Im vorliegenden Fall ist die Klägerin gemäß § 9 Abs 1 lit a des Vorarlberger Sozialhilfegesetzes LGBl 1971/26 idF LGBl 1986/18 verpflichtet, die empfangenen Sozialhilfeleistungen dem Sozialhilfeträger zu ersetzen, wenn sie ein ausreichendes Einkommen oder Vermögen erhält. Der Übergang ihrer Unterhaltsansprüche auf den Sozialhilfeträger ist gemäß § 12 leg cit von der Erstattung einer schriftlichen Anzeige des Sozialhilfeträgers an den gemäß § 10 leg cit ersatzpflichtigen Unterhaltspflichtigen abhängig.
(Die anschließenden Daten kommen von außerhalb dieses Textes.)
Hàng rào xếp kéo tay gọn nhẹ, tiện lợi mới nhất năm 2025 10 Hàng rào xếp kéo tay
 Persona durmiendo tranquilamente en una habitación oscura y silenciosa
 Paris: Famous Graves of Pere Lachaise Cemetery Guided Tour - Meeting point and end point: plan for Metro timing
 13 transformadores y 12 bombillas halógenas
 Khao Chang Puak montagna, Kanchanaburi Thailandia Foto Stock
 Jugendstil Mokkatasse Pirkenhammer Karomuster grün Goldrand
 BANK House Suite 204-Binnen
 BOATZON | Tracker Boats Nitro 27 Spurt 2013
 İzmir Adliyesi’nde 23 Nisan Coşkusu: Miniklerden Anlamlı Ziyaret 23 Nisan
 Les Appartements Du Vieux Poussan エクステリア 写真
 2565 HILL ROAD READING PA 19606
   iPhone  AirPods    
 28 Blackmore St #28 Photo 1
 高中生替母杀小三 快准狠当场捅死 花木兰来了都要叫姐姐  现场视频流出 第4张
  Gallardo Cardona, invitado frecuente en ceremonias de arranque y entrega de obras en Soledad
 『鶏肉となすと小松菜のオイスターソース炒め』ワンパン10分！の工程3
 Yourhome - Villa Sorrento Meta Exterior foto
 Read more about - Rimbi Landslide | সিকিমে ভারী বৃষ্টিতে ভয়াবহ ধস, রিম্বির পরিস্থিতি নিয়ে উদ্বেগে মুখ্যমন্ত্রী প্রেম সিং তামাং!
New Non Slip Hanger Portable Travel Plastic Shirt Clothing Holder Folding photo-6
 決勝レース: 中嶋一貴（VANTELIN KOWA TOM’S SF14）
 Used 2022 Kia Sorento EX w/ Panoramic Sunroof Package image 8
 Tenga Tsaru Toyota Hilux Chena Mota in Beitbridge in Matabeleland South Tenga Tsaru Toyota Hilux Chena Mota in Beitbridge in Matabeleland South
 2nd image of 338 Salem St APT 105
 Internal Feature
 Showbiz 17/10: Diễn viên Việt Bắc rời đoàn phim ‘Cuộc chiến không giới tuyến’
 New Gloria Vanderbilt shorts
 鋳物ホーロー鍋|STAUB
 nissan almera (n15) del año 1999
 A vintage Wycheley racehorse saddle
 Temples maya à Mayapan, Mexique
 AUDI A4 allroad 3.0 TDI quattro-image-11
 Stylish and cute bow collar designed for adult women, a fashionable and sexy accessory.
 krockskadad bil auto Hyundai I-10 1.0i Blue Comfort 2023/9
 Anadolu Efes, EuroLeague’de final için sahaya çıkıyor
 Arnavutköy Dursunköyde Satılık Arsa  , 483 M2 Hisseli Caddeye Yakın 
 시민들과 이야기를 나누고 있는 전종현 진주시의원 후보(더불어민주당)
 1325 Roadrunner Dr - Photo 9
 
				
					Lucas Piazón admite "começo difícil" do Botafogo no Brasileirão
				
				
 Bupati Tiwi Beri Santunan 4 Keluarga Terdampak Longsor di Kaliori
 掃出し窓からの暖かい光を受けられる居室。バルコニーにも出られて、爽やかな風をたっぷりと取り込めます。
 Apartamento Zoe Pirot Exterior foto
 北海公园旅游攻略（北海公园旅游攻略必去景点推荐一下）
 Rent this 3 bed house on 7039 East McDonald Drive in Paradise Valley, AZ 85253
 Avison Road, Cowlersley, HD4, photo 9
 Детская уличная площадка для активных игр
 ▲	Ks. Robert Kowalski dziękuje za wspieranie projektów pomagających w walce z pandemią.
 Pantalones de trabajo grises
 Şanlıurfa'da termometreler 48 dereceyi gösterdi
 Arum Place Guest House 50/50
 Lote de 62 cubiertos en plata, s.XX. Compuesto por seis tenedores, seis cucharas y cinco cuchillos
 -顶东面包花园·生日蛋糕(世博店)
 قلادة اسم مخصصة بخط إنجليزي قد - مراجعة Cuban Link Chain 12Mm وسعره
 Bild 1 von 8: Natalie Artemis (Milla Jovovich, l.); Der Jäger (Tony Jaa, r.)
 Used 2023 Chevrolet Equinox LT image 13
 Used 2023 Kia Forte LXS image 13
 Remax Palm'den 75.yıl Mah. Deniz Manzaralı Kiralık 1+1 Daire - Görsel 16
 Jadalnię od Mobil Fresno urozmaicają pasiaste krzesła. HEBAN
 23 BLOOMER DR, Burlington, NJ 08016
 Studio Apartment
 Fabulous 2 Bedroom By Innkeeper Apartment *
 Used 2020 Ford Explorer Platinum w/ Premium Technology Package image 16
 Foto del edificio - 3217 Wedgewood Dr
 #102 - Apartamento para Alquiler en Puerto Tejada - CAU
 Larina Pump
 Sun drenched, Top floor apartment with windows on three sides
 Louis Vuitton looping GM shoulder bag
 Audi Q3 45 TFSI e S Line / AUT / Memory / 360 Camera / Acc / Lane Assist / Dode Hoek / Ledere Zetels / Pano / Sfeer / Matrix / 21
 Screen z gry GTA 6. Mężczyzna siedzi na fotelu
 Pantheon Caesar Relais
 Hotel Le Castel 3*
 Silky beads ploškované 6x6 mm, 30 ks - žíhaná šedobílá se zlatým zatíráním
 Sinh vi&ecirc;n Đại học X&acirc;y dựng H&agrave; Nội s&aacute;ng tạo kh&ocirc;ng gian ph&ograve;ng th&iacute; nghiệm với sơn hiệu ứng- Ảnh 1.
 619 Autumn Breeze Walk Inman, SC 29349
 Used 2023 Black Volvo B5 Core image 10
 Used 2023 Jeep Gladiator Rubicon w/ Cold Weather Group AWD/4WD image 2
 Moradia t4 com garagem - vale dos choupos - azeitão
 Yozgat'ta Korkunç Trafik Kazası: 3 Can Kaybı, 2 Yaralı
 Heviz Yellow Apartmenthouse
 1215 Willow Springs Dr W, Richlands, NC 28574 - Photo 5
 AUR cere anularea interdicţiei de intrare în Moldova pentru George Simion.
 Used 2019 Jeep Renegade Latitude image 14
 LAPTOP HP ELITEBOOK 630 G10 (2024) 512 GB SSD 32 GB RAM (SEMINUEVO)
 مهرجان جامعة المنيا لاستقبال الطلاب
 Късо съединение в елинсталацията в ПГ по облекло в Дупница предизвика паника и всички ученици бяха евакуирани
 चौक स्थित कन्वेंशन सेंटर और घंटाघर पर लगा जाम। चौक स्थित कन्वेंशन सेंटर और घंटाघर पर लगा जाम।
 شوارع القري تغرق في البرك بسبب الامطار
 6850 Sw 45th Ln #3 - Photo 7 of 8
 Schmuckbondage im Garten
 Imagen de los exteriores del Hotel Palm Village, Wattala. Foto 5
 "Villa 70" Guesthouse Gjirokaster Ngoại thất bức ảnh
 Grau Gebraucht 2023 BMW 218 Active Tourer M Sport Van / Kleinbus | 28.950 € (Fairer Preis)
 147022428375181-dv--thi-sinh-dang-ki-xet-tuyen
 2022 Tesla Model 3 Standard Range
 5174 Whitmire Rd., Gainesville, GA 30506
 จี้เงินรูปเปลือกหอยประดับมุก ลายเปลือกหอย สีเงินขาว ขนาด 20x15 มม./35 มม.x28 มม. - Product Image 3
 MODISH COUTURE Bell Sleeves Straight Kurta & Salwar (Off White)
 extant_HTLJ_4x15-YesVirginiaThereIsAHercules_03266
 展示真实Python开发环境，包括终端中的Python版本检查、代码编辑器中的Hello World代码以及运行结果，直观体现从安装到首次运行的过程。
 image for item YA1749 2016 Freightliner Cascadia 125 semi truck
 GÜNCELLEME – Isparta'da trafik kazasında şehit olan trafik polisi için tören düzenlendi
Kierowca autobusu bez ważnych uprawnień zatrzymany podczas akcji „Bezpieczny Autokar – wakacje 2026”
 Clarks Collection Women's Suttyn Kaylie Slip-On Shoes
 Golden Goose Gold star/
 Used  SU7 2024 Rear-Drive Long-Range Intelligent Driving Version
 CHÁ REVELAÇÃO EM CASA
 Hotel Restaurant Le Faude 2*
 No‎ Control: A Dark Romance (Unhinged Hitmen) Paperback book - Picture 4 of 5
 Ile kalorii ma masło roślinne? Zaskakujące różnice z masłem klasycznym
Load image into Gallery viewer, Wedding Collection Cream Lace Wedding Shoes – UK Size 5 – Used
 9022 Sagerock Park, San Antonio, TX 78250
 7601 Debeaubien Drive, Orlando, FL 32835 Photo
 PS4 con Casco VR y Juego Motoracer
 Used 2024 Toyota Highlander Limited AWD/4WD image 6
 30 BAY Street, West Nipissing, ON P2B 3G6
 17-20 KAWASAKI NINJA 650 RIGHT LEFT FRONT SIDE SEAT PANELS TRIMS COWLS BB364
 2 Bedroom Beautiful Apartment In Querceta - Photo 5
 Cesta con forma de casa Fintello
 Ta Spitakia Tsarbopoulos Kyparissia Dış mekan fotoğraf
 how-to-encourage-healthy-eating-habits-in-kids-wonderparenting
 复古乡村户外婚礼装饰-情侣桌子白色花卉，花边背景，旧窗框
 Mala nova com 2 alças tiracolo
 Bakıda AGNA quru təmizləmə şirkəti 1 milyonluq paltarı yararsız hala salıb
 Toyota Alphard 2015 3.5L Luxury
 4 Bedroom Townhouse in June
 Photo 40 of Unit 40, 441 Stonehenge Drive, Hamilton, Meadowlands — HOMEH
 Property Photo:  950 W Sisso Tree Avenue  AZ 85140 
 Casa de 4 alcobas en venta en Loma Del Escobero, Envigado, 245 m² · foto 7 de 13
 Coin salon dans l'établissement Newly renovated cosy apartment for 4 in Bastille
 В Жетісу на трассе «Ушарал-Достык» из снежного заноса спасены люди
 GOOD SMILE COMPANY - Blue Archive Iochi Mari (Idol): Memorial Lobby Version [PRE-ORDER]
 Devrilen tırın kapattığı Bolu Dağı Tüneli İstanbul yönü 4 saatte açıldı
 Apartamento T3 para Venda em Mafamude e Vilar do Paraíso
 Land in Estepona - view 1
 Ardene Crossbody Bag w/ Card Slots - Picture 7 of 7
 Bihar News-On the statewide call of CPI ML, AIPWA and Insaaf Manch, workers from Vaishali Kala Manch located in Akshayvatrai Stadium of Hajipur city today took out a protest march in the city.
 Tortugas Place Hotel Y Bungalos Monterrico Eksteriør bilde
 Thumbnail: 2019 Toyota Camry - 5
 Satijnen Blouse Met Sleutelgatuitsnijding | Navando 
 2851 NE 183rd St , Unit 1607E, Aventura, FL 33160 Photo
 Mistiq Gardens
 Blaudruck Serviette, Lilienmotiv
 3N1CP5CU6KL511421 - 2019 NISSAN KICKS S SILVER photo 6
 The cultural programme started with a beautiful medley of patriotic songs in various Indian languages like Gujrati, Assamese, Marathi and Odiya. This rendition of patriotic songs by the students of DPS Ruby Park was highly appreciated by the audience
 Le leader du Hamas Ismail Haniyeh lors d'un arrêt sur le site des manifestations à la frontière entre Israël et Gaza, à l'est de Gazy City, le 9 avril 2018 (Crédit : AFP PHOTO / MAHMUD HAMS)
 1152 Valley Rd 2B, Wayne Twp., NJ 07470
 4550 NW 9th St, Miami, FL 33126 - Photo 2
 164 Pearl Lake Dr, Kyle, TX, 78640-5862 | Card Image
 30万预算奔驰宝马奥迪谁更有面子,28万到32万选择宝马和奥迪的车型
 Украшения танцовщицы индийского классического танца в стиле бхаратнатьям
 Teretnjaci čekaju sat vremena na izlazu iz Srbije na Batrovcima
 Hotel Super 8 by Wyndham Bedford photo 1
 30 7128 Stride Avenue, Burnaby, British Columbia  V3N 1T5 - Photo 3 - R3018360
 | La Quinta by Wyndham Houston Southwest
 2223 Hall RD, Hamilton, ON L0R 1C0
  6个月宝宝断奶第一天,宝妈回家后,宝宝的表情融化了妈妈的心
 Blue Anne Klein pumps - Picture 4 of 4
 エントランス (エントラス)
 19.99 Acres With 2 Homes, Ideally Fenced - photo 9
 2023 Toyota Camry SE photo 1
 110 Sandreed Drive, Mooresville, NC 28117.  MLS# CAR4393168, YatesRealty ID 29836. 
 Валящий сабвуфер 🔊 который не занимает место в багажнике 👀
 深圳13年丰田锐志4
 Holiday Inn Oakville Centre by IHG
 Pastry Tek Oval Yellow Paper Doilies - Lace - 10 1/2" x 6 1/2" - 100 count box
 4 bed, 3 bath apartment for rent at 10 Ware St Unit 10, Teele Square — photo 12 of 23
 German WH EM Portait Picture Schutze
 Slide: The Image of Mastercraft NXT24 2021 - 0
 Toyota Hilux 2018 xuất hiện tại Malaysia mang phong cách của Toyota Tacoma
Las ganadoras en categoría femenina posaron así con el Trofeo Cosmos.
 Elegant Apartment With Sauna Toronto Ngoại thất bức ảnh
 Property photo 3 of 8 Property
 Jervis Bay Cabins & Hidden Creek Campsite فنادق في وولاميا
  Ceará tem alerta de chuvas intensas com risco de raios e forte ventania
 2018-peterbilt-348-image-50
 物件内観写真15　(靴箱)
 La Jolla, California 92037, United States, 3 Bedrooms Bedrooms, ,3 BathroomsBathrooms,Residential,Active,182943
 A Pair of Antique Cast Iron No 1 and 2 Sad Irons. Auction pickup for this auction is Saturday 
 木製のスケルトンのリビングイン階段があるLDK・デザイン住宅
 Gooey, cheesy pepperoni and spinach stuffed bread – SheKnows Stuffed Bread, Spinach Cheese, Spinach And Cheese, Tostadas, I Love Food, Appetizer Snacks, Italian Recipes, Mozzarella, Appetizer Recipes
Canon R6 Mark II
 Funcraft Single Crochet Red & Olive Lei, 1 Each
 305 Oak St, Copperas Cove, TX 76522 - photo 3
Ein derartiger Übergang wurde im gegenständlichen Verfahren weder behauptet noch festgestellt. Im Hinblick darauf, daß die Klägerin hier im Falle der Leistung des von ihr ab begehrten Unterhaltes durch den Beklagten zum Ersatz der auf Grund ihres im November 1988 gestellten Antrages seit Jänner 1989 bezogenen Sozialhilfeleistungen verpflichtet ist, haben diese Sozialhilfeleistungen - wie der erkennende Senat schon in der einen gleichgelagerten Sachverhalt betreffenden Entscheidung 8 Ob 550/89 ausgesprochen hat - bei der Unterhaltsfestsetzung außer Betracht zu bleiben.

Die Entscheidung über die Kosten des Rechtsmittelverfahrens gründet sich auf § 50 ZPO.